- **Work order**
Please output the listing that follows exactly, but keep all images out.

- **Given information**
☆ ☆ ☆

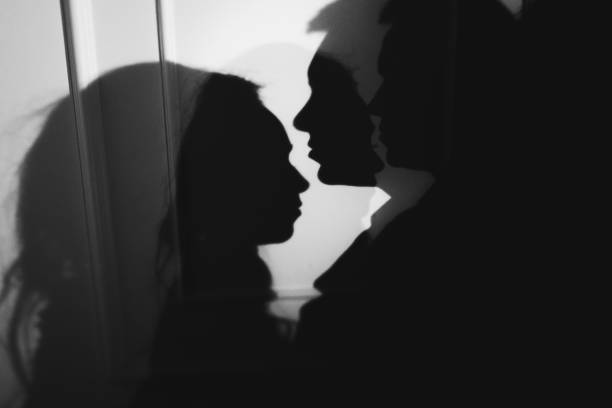 istock woman  with  theatrical mask and handsome man 863587538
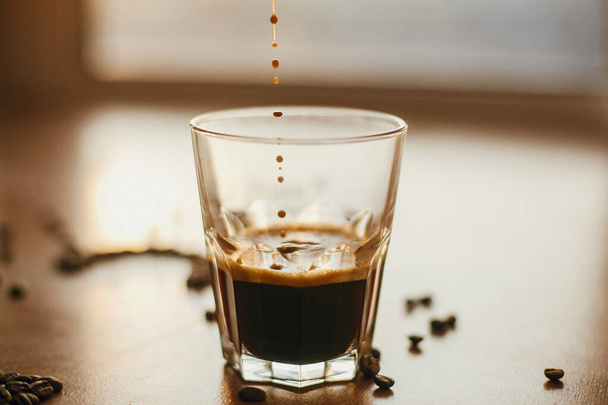 Капли кофе закрываются в теплом свете, наливая горячий эспрессо и
 - Фото, изображение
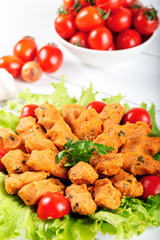 Traditional mercimek koftesi, lentil patties served with lettuce and tomato.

☆ ☆ ☆

- **Task result**
 istock woman  with  theatrical mask and handsome man 863587538
 Капли кофе закрываются в теплом свете, наливая горячий эспрессо и
 - Фото, изображение
 Traditional mercimek koftesi, lentil patties served with lettuce and tomato.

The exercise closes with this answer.